I still did not suspect her. It was Maria, of course, who killed
my wife and child, Maria who attacked me. The man, that ogre-ish
creature I had made (and whom I believe she paid to have
brought back from Australia) was innocent of anything.

“She waited to tell me until the night came when she acceded
to my desire to possess her. She kept me in torment for two weeks
after she came to the house, an agonizing two weeks, for she
allowed me to kiss her, allowed me every familiarity other than
the final embrace.

“She came to my room late one night when the house was dark
and quiet and in the bed in which I now lie dying she gave herself
to me, coiled about me serpent-like, draining me of vital force, consuming
me. I knew I would never have enough of her. She was
Lamia. She was not Eve, my Eve, but Eve's bad counterpart, Lilith.

“It was as I lay there, weak and extinguished yet utterly happy,
that she pointed to the scar on her shoulder, past relic of the fire
on Orkney from which she had escaped. She began to whisper. It
was at first not so much what she said than that she spoke at all,
which astounded me. She had been all along capable of speech!
And then, as she leaned over me in the bed, her long hair trailing,
I began to hear what she said—that she had known me all along,
that she had escaped my fire and smuggled herself aboard a boat
to Ireland, been picked up hungry and cold on the shore by tinkers
and taken to Dublin.
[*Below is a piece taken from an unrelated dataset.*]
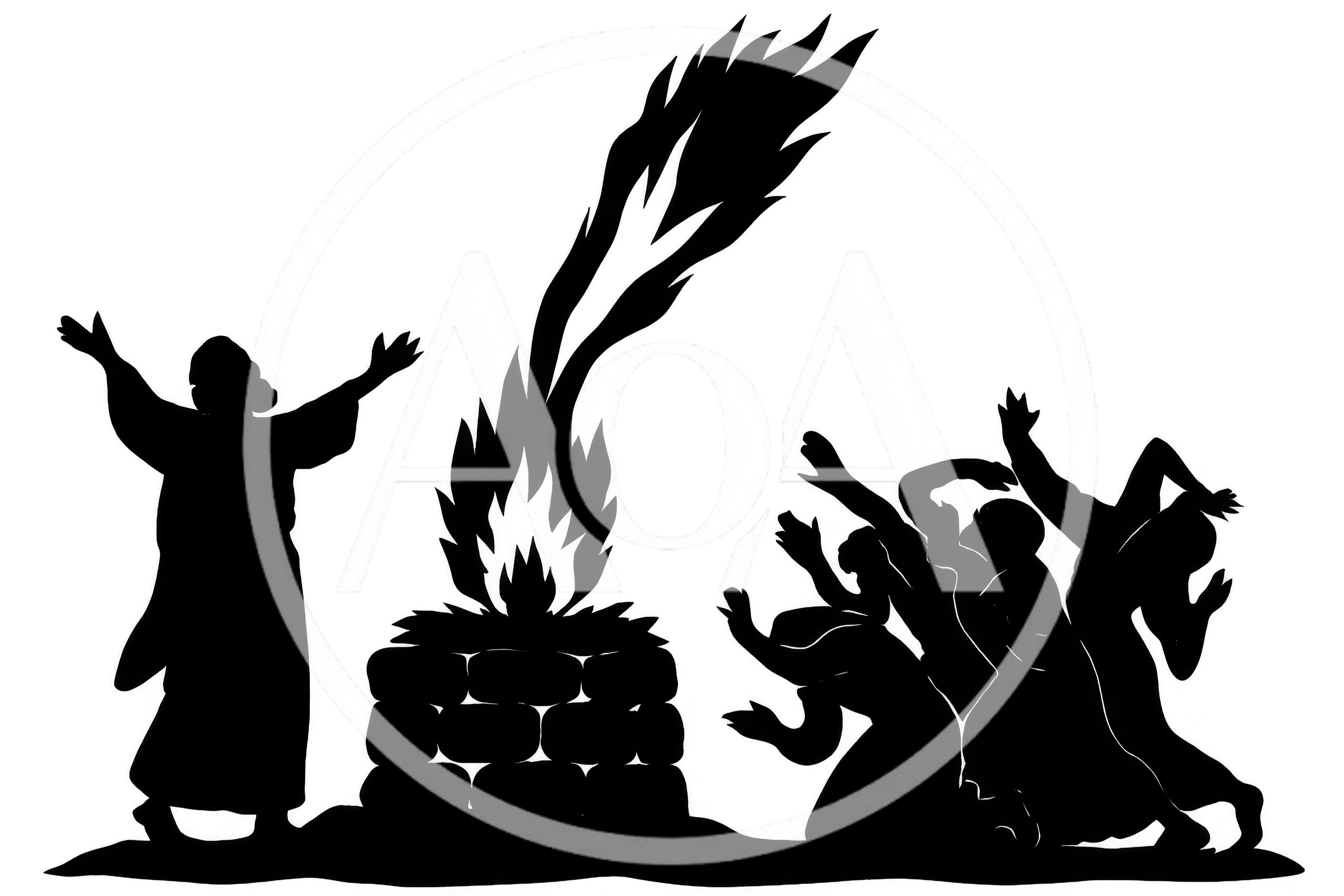 Silhouette Illustration of Elijah and the Prophets of Baal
It was true, she said, she could not speak at
first, for she had no language. Had she been able to speak, she
would have had nothing to say. She had no experience of the commonest
things of life, no account of herself to give, no past, no
memories except certain little trailing recollections of France as a
child, then a sharp memory of Paris streets and betrayal. Her only
vivid memories were of Orkney, of me, of Adam, my creature. Otherwise,
she knew nothing, remembered nothing, so what good
would words have been to her, even if she had them?